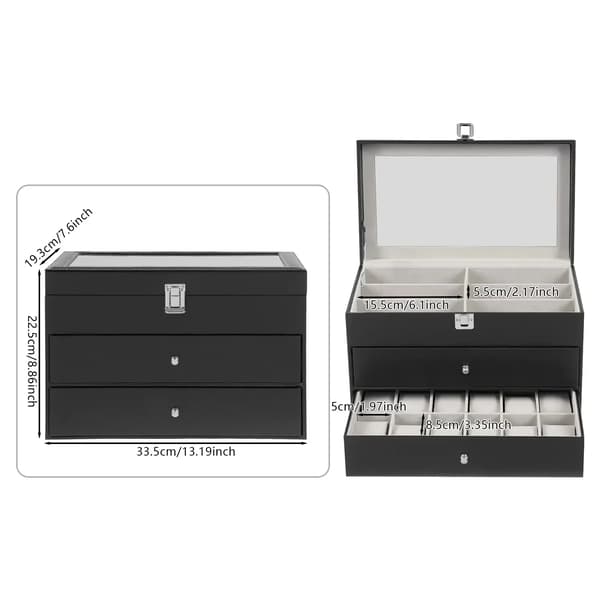 Ur og solbrille organizer, 24 rum, holdbart design,sort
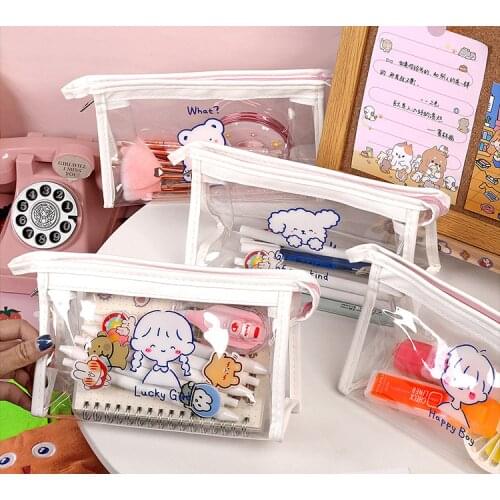 Lovely Transparent Pencil Case Big Storage Cosmetic Pencil Bag Zipper Girls Studnet Trousse Scolaire Kawaii Pencil Pouch Piornik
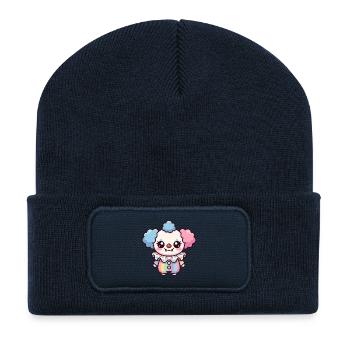 Süßer Cartoon-Clown mit Pastellfarben und großen Augen - Recycelte Patch Beanie - French Navy - Vorne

#### [Exercise objective]
In the listing above, find the line containing "Lovely Transparent Pencil" and restate it and every later line verbatim, with the pictures left out.

#### [Solution to this problem]
 Lovely Transparent Pencil Case Big Storage Cosmetic Pencil Bag Zipper Girls Studnet Trousse Scolaire Kawaii Pencil Pouch Piornik
 Süßer Cartoon-Clown mit Pastellfarben und großen Augen - Recycelte Patch Beanie - French Navy - Vorne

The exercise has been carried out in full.